The consequences of entrained gas on centrifugal pumps depend on the relative amount of gas and liquid present, and vary from a slight deterioration on performance up to a complete blockage known as "gas locking". Before gas locking occurs, another phenomenon known as surging takes place.
Each pump is characterized by performance curves, which include the head developed, brake horsepower consumption and efficiency as function of the flow rate through the pump for a certain rotational speed (see Fig 1). Traditionally these curves are determined experimentally using water.
The head characteristic curve is used to size the pump, while the brake horsepower information is useful to size the motor required to drive the pump. The sizing of a multi-stage ESP for water wells is fairly simple, and good accuracy of the predicted performance is achieved using the water performance information supplied by the manufacturer.

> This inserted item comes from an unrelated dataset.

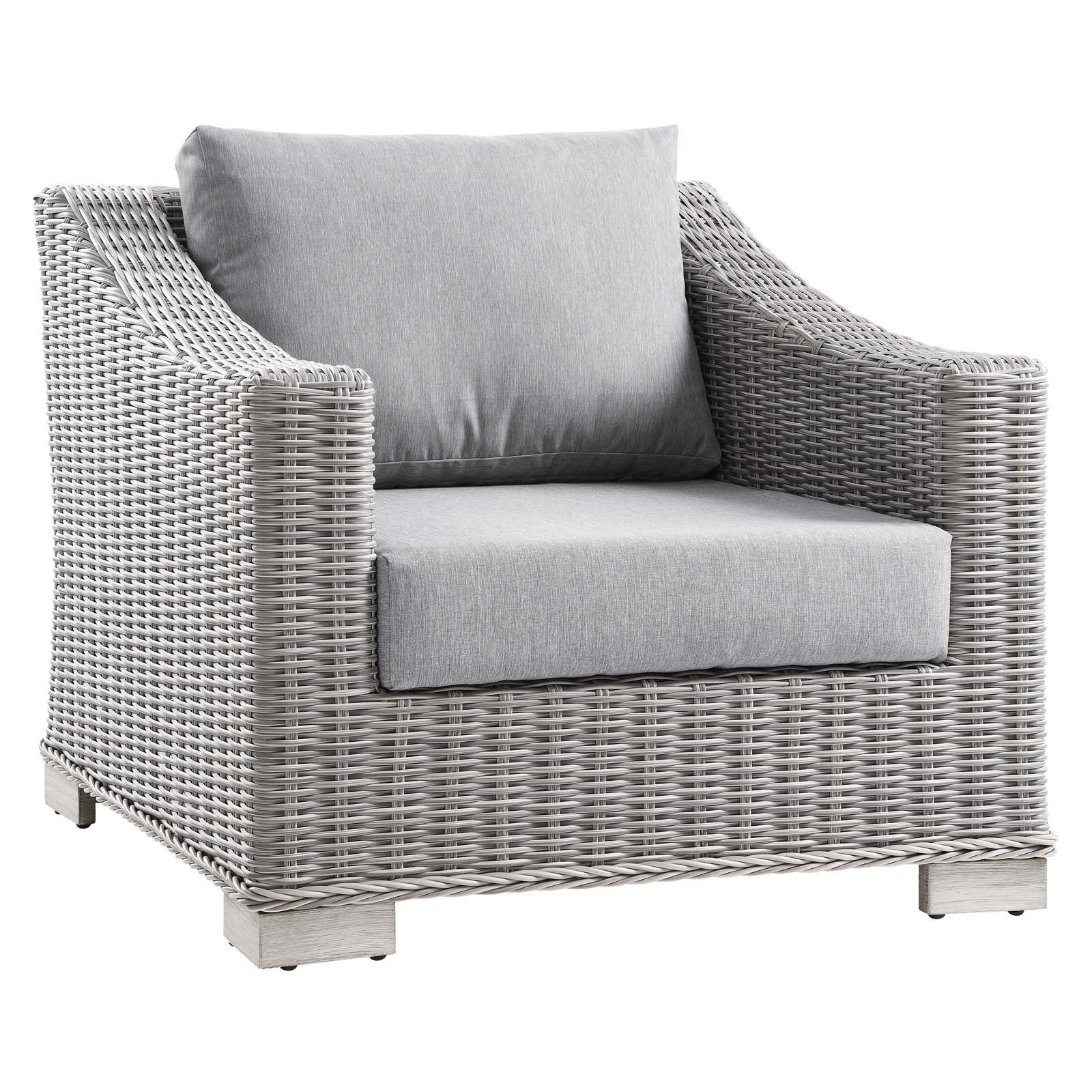 Modway Outdoor Chairs - Conway Outdoor Patio Wicker Rattan Armchair Light Gray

The design of an ESP system using the water information for oil wells with high free gas fraction at pump intake conditions is a harder task, and is based on the prediction of performance curves by modification of the water curves. The leading parameter is the mixture density at the flow conditions of each stage. Applying this procedure, the ESP system often shows some degree of under or over sizing when operating.
An accurate prediction of the performance for any pump handling free gas is challenging. Some empirical and mechanistic approaches have been attempted in the past. The main problem of the experimental approach is that the developed correlations are based on the average performance of the pump. These correlations become specific for the type and number of stages tested. On the other hand, theoretical models are difficult to develop since the geometry of the channels inside the pump is complex. The phenomena that take place in such channels are not well understood, and thus the use of empirical parameters to close the model is required.